__INSTRUCTIONS TO FOLLOW__:
After locating the line with "Burg Ringsheim, 1249", repeat it and every following line to the end of the listing, exactly. Omit the pictures.
------ EXERCISE INPUT
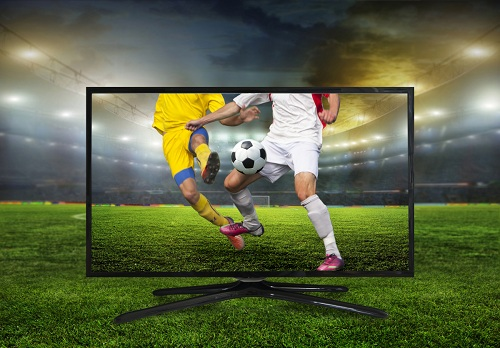 Sport Software Market'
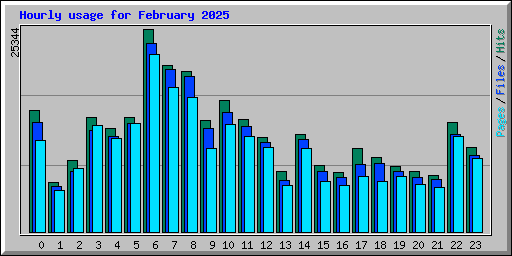 Hourly usage for February 2025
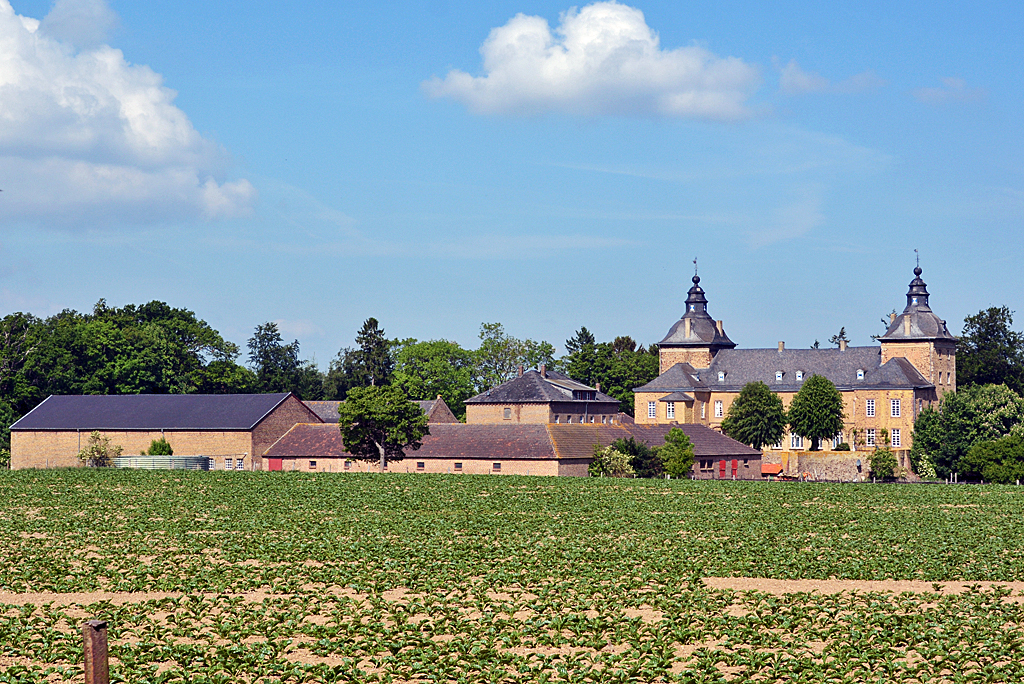 Burg Ringsheim, 1249 erstmals erwhnt, bei Eu-Flamesheim - 18.05.2014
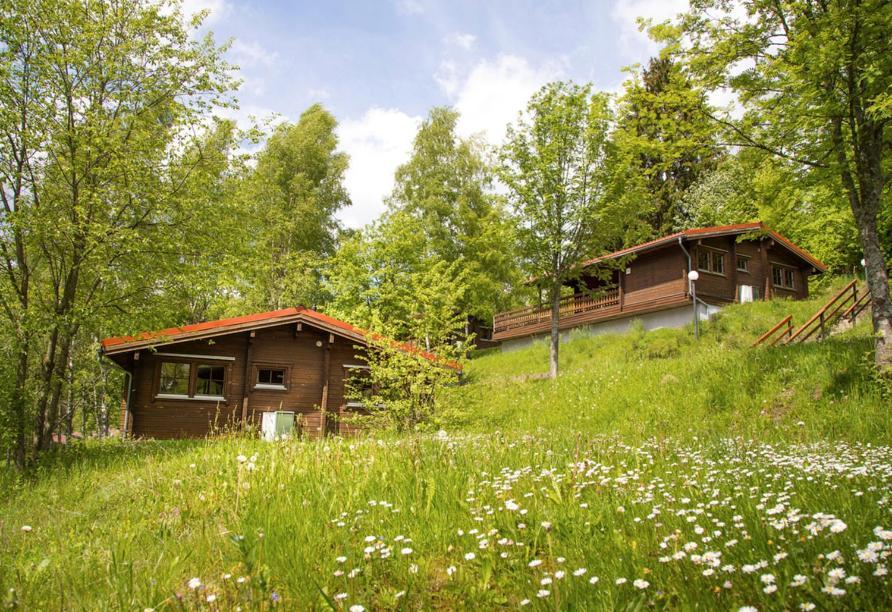 Werrapark Resort Ferienhaeuser Am Sommerberg Premium マッサーベルク エクステリア 写真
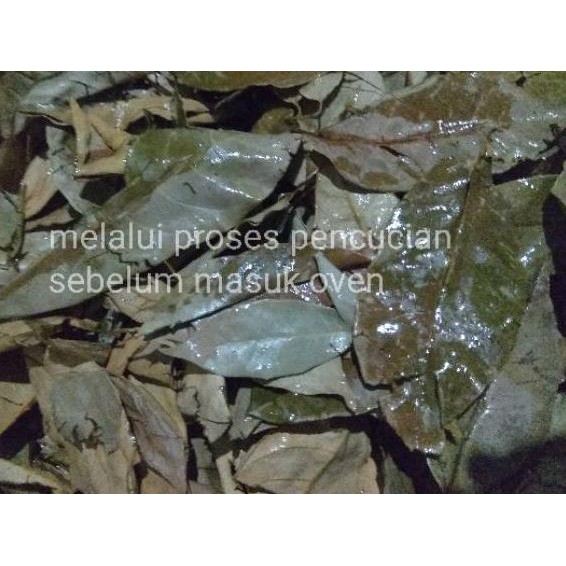 

HOT SALE!! (hrk-491) [10 Pcs] WEDANG UWUH JAHE KERING Komplit Gula Batu - BEKASI - GROSIR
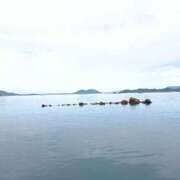 ヒメ日記 2025/06/18 15:30 投稿 水朝美樹（ニューハーフ） 人妻生レンタル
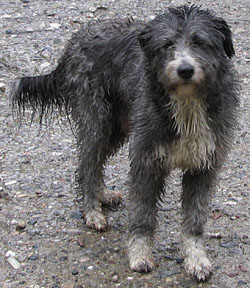 Spot the Dog gets a soaking in Meteora, Greece at The Cheshire Cat Blog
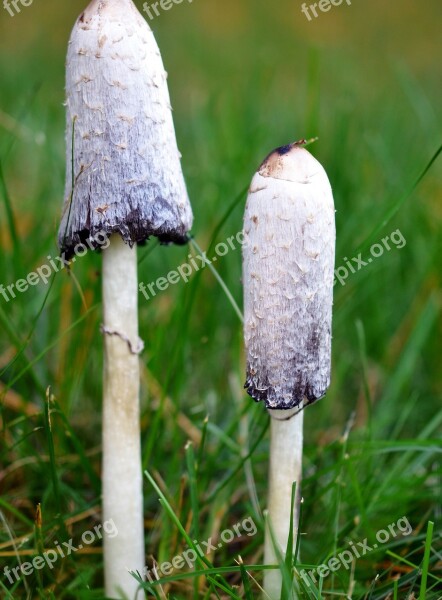 Mushroom Grass Nature Season Fungus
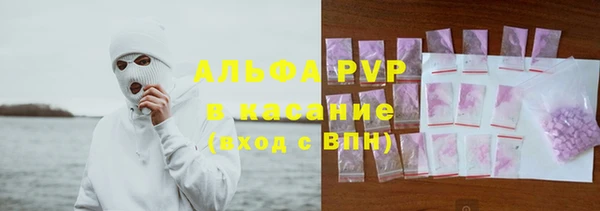 сатива Ельня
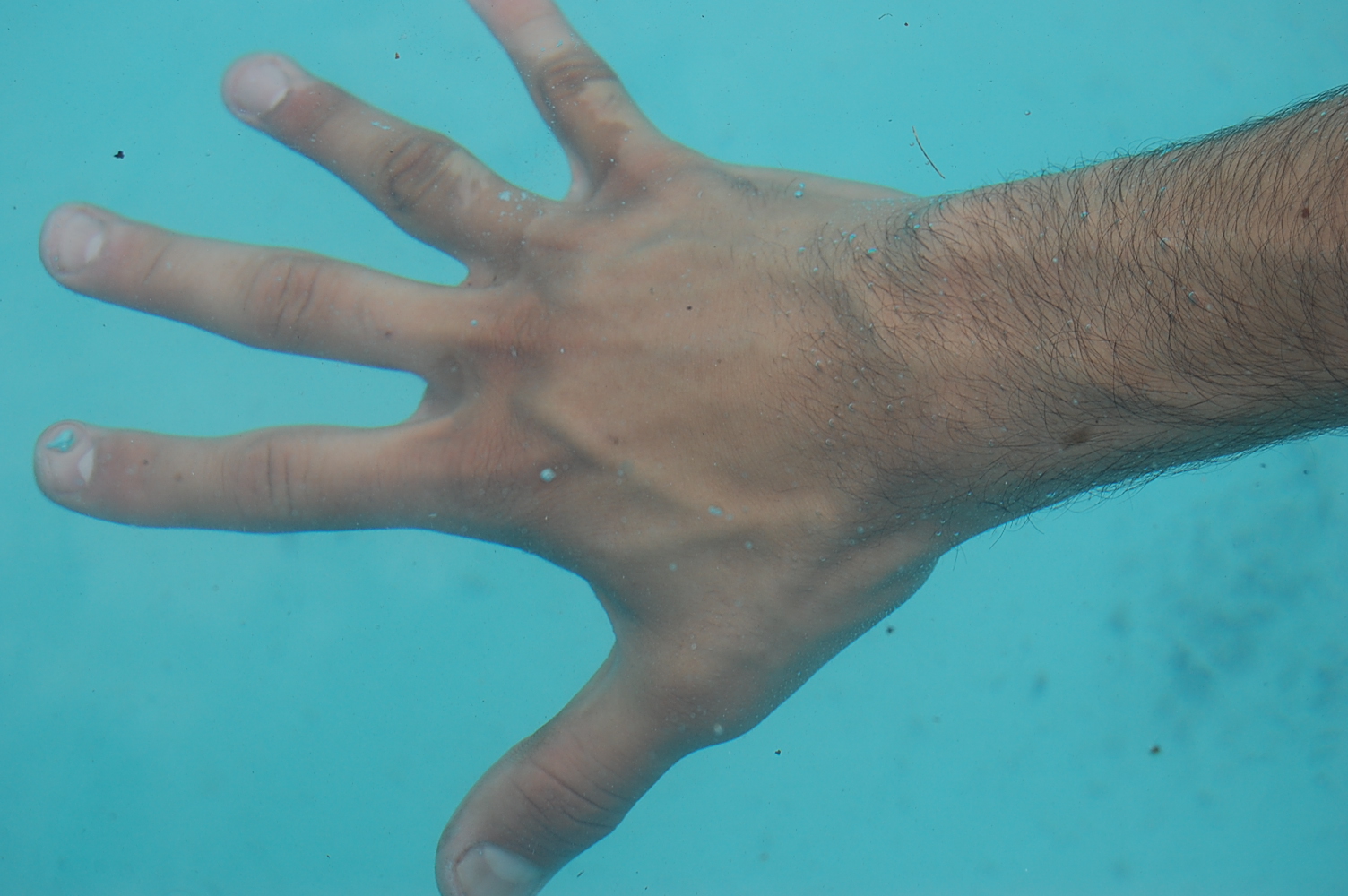 [DSC_0564.JPG]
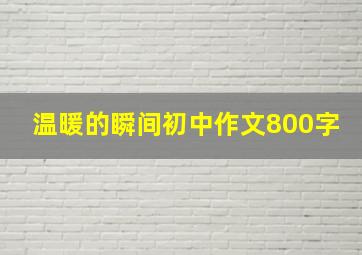 温暖的瞬间初中作文800字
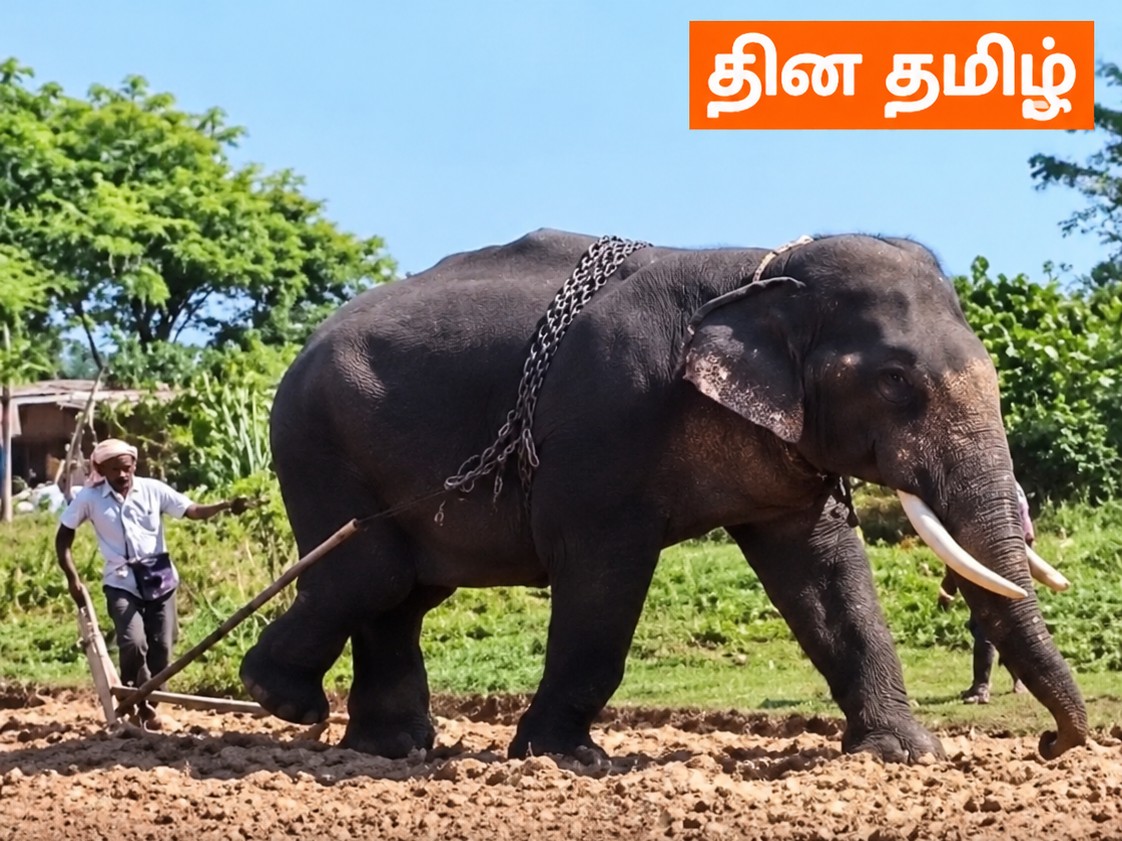 வாசகர் வழங்கிய விளக்கப்படம் · சம்பவப் புகைப்படம் அல்ல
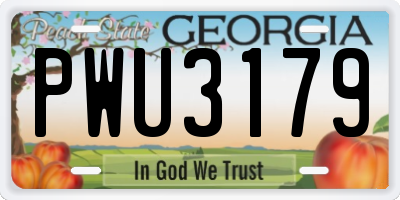 GA license plate PWU3179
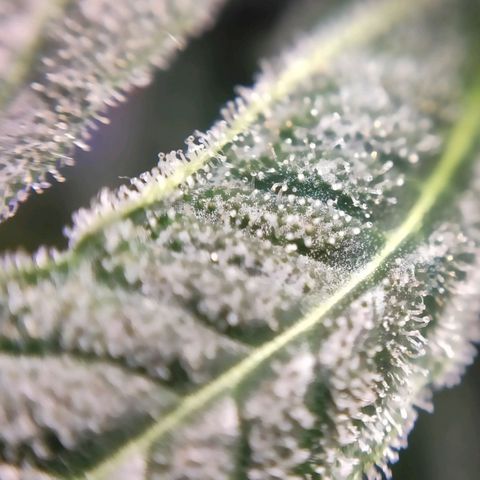 1 - Rock Baby - OG Kush growlog timeline photo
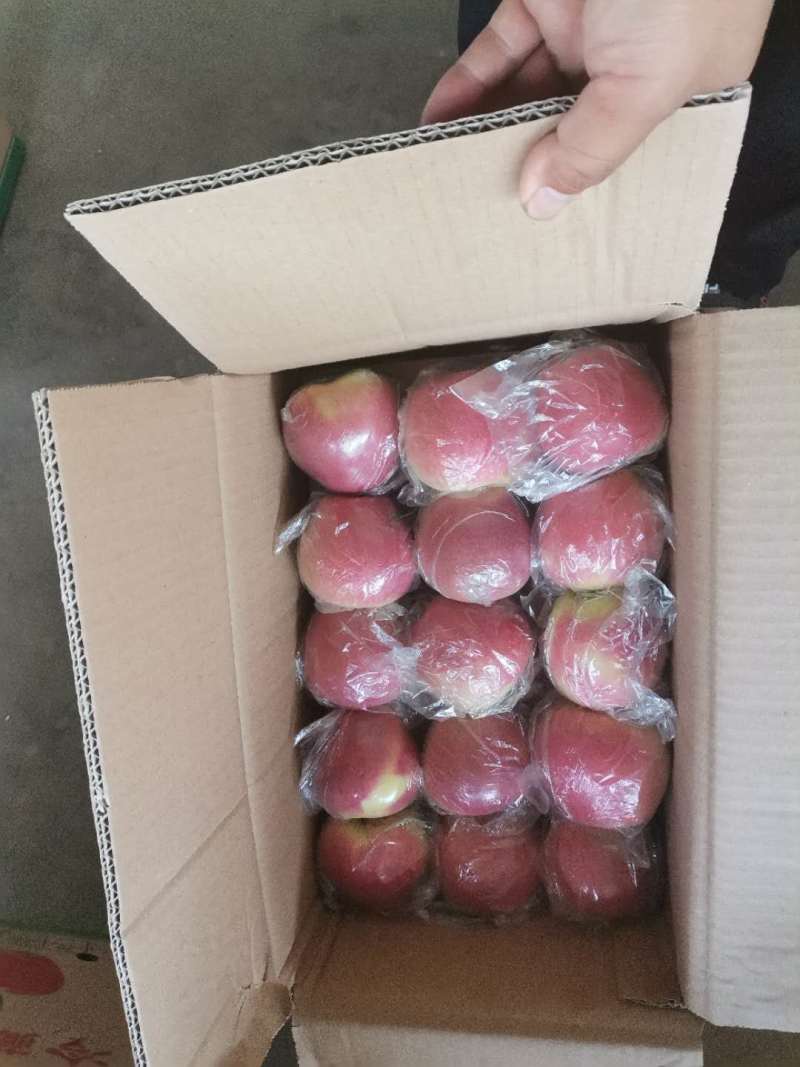 【优质】山西嘎啦美八苹果，产地直发，量大从优，保质保量！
------------
__ANSWER SPACE__:
 Burg Ringsheim, 1249 erstmals erwhnt, bei Eu-Flamesheim - 18.05.2014
 Werrapark Resort Ferienhaeuser Am Sommerberg Premium マッサーベルク エクステリア 写真

HOT SALE!! (hrk-491) [10 Pcs] WEDANG UWUH JAHE KERING Komplit Gula Batu - BEKASI - GROSIR
 ヒメ日記 2025/06/18 15:30 投稿 水朝美樹（ニューハーフ） 人妻生レンタル
 Spot the Dog gets a soaking in Meteora, Greece at The Cheshire Cat Blog
 Mushroom Grass Nature Season Fungus
 сатива Ельня
 [DSC_0564.JPG]
 温暖的瞬间初中作文800字
 வாசகர் வழங்கிய விளக்கப்படம் · சம்பவப் புகைப்படம் அல்ல
 GA license plate PWU3179
 1 - Rock Baby - OG Kush growlog timeline photo
 【优质】山西嘎啦美八苹果，产地直发，量大从优，保质保量！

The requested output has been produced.